The existing CGT rules allow a tax-efficient exit for a business, although that window of opportunity is narrowing.
The exit of the business owner tends to happen through a trade sale, private equity investment, management buyout, or the (increasingly popular) employee ownership trust (EOT).
However, another mechanism for exiting a business and generating a capital receipt concerning a distribution of capital is via the members’ voluntary (solvent) liquidation process. Being a distribution of capital, the proceeds will be taxed at current CGT rates and subject to eligibility, qualify for Business Asset Disposal Relief.

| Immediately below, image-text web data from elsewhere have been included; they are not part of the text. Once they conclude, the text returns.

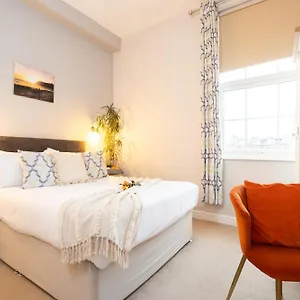 https://the-clarence-gardens.yorkshirehotels.net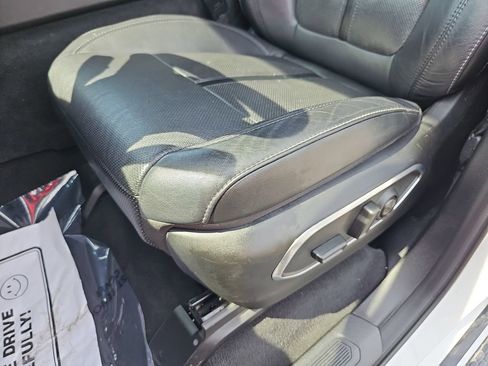 Used 2024 Jeep Wagoneer Series II w/ Flexible Seating Group RWD image 28
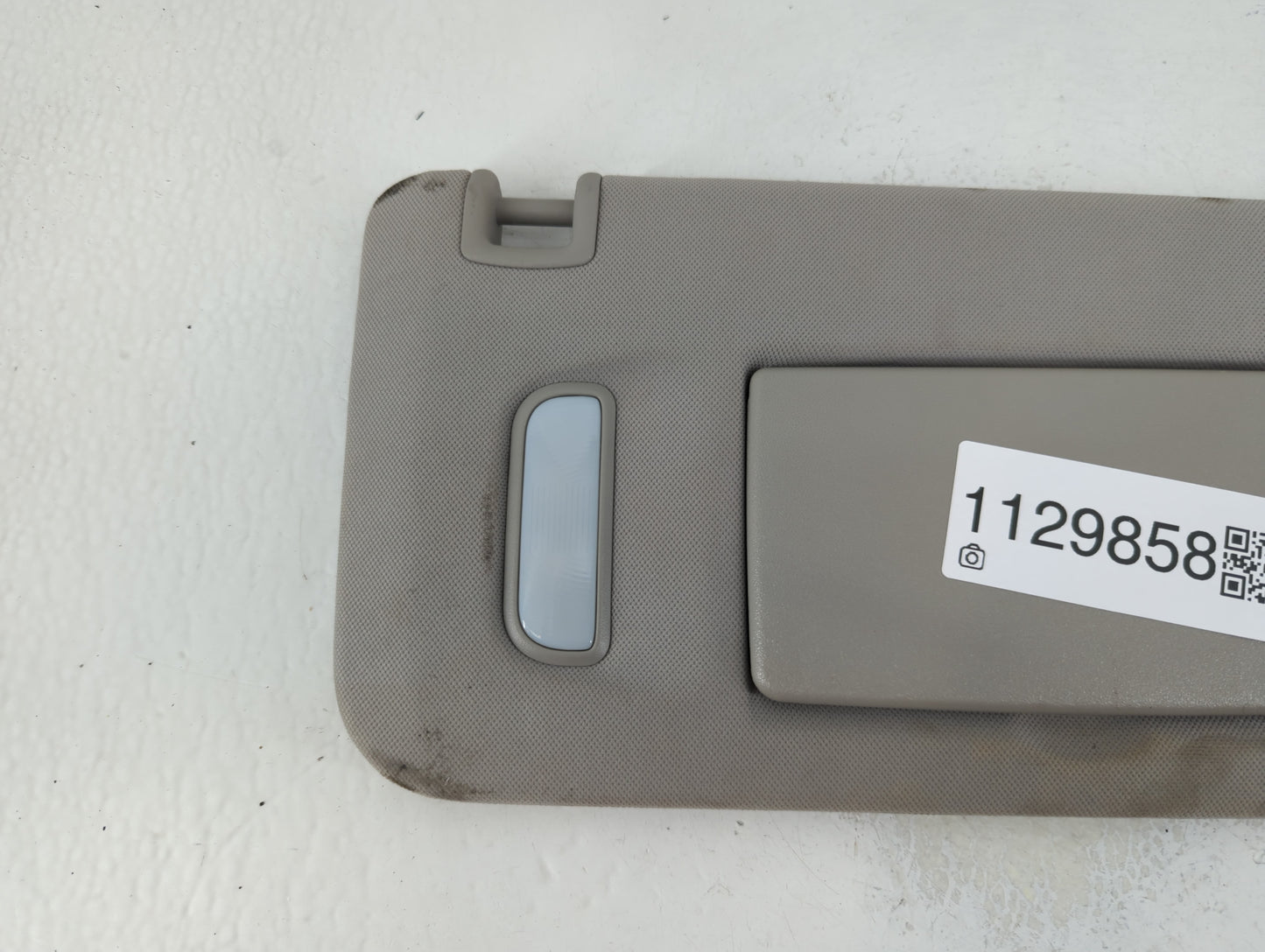 2008-2017 Buick Enclave Sun Visor Shade Replacement Passenger Right Mirror Fits OEM Used Auto Parts - Oemusedautoparts1.com
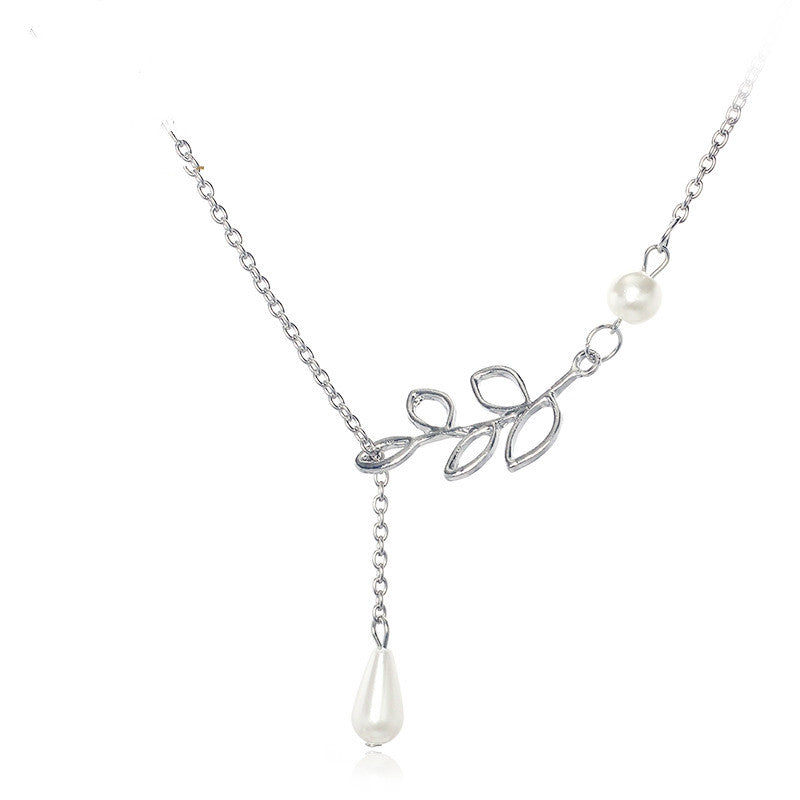 New Sale Fashion Simple Leaves Short Of imitation pearl Necklaces Chain Of Clavicle For Women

Whilst we will always recommend looking for HMRC clearance to confirm the business owner’s tax position, the basic tax situation is that distributions made during a winding up are capital, not income, thus the shareholder is treated as having made a disposal of his or her shares in return for the amount distributed.
When applying for HMRC clearance, a business owner would also be looking for approval that the targeted anti-avoidance rules (TAAR), which aim to combat cases of “Phoenixism” do not apply to distributions made in the process of winding up of a company.
For comprehensiveness, “Phoenixism” is an action whereby a company is liquidated, and consequently, its business is carried on under the same or broadly the same ownership via a new entity within a prescribed time frame. These rules were introduced in 2016 and, if applicable, will tax any proceeds received via a liquidation distribution as an income and not a capital receipt. Clearly, this is not an issue if the purpose of entering into a members’ voluntary (solvent) liquidation process is a result of the owner folding.
In summary, the members’ voluntary (solvent) liquidation process should not be overlooked as an actual means to triggering a capital receipt. We fully expect a rise in enquiries from business owners and their advisors as the race to withdraw and extract value from their businesses deepens in the months ahead, with the shadow of CGT reform looming large once more.
Our Corporate Simplification team’s involvement in working alongside shareholders to maximise their returns tax, cost effectively and expediently puts us in strong position to help you and your clients implement their business exit. As ever, early consultation is recommended to ensure desired timelines are met.
About the Author
Eddie Bines, Managing Director – Restructuring Advisory, Kroll and Greg Pollock, Director – Restructuring Advisory, Kroll.